◆ What the task asks
Set down, character for character, everything in the records below from the line holding "Товарищи, посоветуйте новичку по рыбалке." down to the line holding "Close up image", and no other line.

◆ Data shown
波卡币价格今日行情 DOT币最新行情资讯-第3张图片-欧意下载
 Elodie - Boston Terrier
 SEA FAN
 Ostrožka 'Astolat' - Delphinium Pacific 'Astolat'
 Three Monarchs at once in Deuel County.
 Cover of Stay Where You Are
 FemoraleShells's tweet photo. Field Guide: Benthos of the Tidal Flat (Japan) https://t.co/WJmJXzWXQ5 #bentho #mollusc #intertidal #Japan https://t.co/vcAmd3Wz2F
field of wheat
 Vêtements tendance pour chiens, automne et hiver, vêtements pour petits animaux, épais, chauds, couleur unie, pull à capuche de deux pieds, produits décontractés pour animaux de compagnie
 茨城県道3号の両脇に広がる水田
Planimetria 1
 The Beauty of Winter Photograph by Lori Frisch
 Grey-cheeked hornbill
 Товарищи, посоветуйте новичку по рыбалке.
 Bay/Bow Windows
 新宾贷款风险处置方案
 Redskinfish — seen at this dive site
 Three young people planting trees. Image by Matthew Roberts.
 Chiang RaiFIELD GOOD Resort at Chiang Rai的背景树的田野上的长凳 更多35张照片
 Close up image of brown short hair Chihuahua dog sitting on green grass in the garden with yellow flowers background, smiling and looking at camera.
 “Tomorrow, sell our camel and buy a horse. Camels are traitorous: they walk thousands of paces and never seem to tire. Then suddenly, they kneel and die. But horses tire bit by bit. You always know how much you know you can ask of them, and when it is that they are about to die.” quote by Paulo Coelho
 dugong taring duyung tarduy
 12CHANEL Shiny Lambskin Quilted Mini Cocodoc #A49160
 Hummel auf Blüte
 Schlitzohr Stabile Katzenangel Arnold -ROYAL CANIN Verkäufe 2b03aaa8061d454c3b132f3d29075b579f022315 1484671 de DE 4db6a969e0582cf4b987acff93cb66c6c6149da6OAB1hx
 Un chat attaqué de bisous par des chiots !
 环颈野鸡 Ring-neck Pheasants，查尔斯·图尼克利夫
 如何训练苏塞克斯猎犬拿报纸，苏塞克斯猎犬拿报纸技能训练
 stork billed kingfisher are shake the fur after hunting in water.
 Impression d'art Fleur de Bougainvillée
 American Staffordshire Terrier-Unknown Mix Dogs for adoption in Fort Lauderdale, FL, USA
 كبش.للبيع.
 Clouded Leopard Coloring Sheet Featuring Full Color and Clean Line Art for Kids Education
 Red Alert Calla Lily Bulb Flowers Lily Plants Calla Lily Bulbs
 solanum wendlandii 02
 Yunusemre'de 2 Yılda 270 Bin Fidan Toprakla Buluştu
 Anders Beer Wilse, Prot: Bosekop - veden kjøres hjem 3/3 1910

◆ Problem solution
 Товарищи, посоветуйте новичку по рыбалке.
 Bay/Bow Windows
 新宾贷款风险处置方案
 Redskinfish — seen at this dive site
 Three young people planting trees. Image by Matthew Roberts.
 Chiang RaiFIELD GOOD Resort at Chiang Rai的背景树的田野上的长凳 更多35张照片
 Close up image of brown short hair Chihuahua dog sitting on green grass in the garden with yellow flowers background, smiling and looking at camera.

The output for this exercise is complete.